Jak wszyscy wiedzą Mir ma niestety także swoją ciemną przeszłość. W ciągu tych piętnastu lat na pokładzie stacji zdarzyło się około 3000 mniejszych lub większych awarii. Czarnym okazał się rok 1997. W lutym tegoż roku na stacji wybuchł pożar. Na pokładzie znajdowali się wtedy Wasilij Tsiblijew (dowódca załogi) i Aleksandr Łazutkin z 23 załogi stacji (właśnie przybyli na jej pokład), a także Aleksandr Kaleri, Walerij Korzun i Jerry Linenger (Amerykanin) z poprzedniej załogi Mira. Pożar trwał kilkanaście minut, podczas których stacja straciła zasilanie, a kosmonauci musieli przebywać w maskach gazowych, gdyż zaczęły się wytwarzać toksyczne gazy. Po jakimś czasie załodze udało się odzyskać kontrole nad stacją, która przez ten pożar bardzo ucierpiała. Kosmonauci, a także kontrola naziemna mieli nadzieje, że to już koniec kłopotów na pokładzie stacji. Okazało się jednak, że był to dopiero początek bardzo trudnego okresu w historii rosyjskiej kosmonautyki. Podczas ekspedycji EO-23 na Mirze miały miejsce pożary, utraty zasilania i kontroli nad stacją, problemy z generatorami tlenu i awarie ogrzewania. Całość podsumowało zderzenie Mira ze statkiem transportowym Progress, 25 czerwca 1997 roku. Po kolizji Mir się rozhermetyzował, a gdyby nie szybka reakcja dowódcy stacji, który nakazał odłączyć uszkodzony moduł, załoga zapewne by zginęła. Tego typu awarie już więcej na Mirze się nie powtórzyły. Doprawdy stacja często traciła orientacje i zasilanie, ale załogom zawsze udawało się wszystko naprawić.
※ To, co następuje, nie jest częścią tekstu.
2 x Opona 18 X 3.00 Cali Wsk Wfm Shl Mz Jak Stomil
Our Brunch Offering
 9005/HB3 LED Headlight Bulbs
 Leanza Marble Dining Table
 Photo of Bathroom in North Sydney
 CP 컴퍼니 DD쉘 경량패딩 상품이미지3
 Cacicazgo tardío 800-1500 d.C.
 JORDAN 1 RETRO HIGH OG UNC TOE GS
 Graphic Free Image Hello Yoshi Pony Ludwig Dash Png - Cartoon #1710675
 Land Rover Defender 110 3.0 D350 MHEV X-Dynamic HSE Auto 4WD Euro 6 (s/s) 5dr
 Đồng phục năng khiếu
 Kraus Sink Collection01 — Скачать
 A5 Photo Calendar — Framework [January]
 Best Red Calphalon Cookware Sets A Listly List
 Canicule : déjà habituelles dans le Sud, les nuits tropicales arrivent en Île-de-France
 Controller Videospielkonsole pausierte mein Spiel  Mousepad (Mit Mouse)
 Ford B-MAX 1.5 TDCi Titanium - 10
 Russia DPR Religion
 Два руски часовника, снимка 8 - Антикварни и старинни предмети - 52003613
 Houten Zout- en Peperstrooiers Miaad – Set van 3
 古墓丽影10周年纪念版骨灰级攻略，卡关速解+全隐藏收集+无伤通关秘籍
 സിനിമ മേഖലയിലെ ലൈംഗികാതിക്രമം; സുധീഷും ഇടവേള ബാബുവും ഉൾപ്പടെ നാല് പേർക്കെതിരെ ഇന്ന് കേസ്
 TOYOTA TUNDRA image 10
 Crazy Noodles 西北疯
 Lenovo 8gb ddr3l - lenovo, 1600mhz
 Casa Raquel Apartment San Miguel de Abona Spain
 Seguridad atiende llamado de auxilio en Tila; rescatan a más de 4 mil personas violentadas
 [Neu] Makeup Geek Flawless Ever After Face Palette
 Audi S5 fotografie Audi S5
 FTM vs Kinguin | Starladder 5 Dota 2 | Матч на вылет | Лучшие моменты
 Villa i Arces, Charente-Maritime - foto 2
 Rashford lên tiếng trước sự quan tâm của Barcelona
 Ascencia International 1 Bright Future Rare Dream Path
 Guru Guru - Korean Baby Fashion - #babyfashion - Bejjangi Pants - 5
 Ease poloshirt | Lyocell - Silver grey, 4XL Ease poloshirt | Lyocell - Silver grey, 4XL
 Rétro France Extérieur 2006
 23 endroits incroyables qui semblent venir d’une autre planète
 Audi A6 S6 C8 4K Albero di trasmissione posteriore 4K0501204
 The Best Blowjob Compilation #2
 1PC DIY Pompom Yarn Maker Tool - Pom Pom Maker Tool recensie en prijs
Bilans działalności stacji Mir jest niesamowity. Na pokładzie przebywało 108 kosmonautów, w tym około 60 z innych krajów. Do stacji przycumowało 30 statków Sojuz TM, także kilkadziesiąt statków dostawczych Progress. W latach 1995-98 ze stacją łączyły się wahadłowce Atlantis, Discovery i Endeavour.
Jedno z ostatnich zdjęć stacji Mir
Stacja składała się z sześciu modułów, które połączono na orbicie w latach 1986-1995. Można powiedzieć, ze Mir okazał się radzieckim przedsięwzięciem międzynarodowym, gdyż połowa działalności stacji została sfinansowana przez inne kraje. Niewątpliwie społeczeństwo rosyjskie może mieć żal do prezydenta Władimira Putina, że nakazał zniszczyć stację, lecz na pewno postąpił on rozsądnie, gdyż stacja prędzej czy później sama spadłaby na Ziemię, a w ten sposób Mir opadł dokładnie w zaplanowanym miejscu nie powodując żadnych szkód. Operacje sprowadzenia stacji na Ziemię, Rosyjska Agencja Kosmiczna ubezpieczyła na 200 milionów dolarów, na wypadek, gdyby resztki stacji spadły na tereny zamieszkałe.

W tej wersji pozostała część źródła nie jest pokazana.